Task goal: Please reproduce the data exactly and omit the pictures.

Collected material:
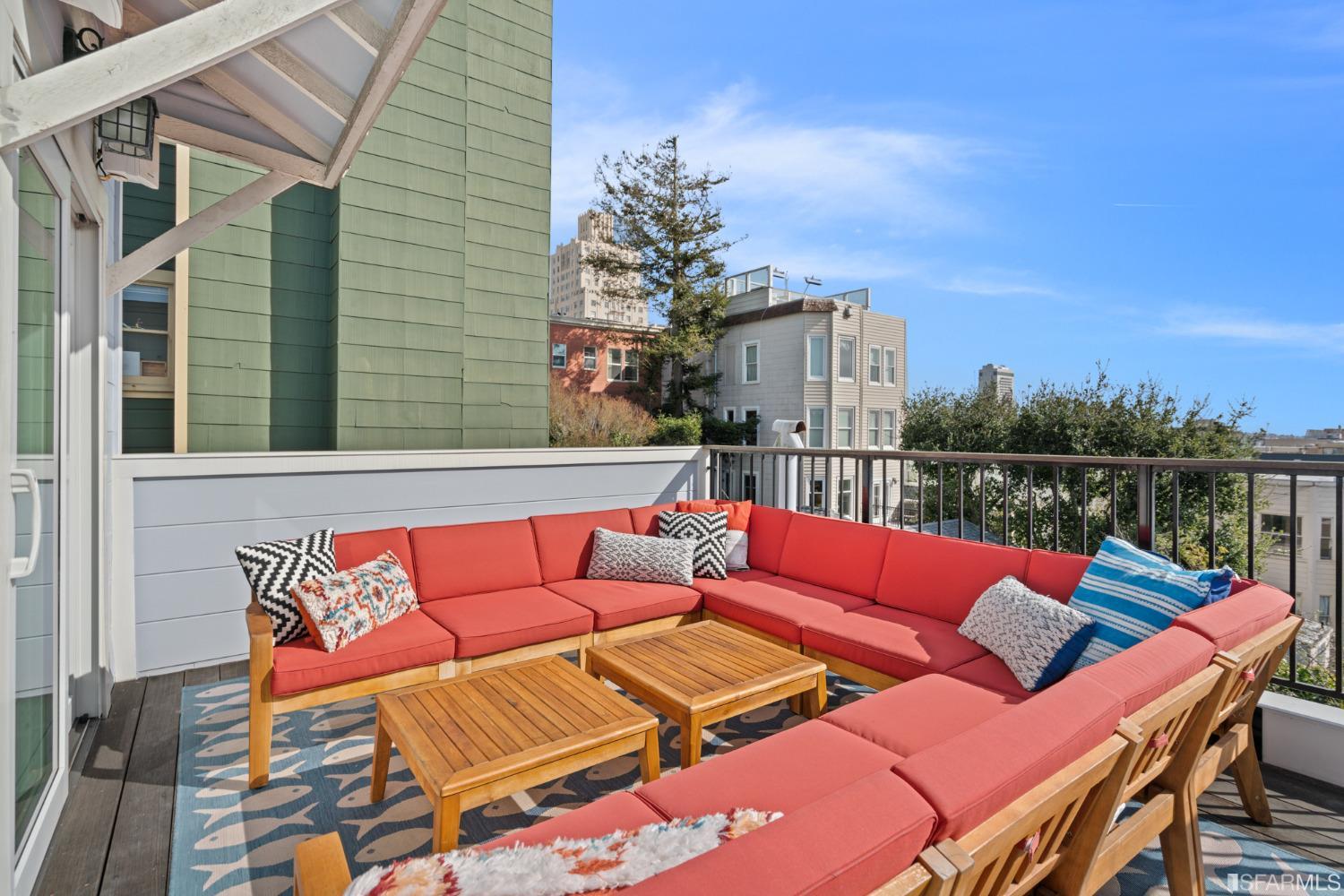 1429 Sacramento Street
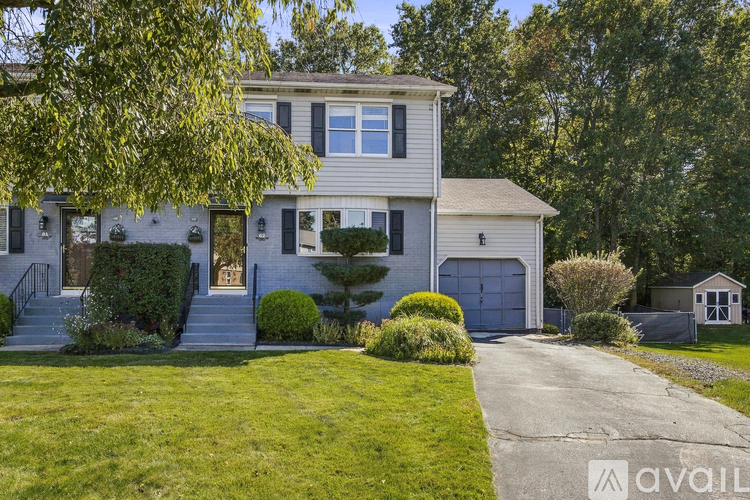 62 Longo Drive 3 Beds Townhouse for Rent - Photo gallery 2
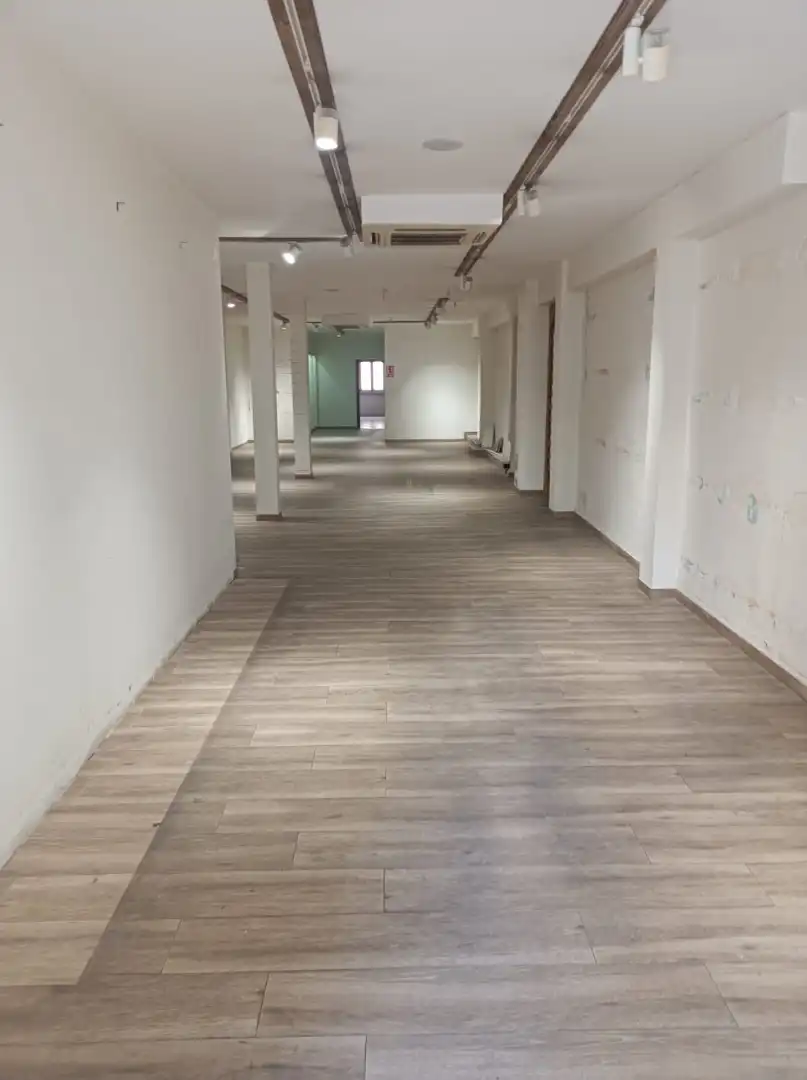 Geschaftsraum zur Miete in Santa Coloma de Gramenet mit Parkett und Alarm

Your solution:
 1429 Sacramento Street
 62 Longo Drive 3 Beds Townhouse for Rent - Photo gallery 2
 Geschaftsraum zur Miete in Santa Coloma de Gramenet mit Parkett und Alarm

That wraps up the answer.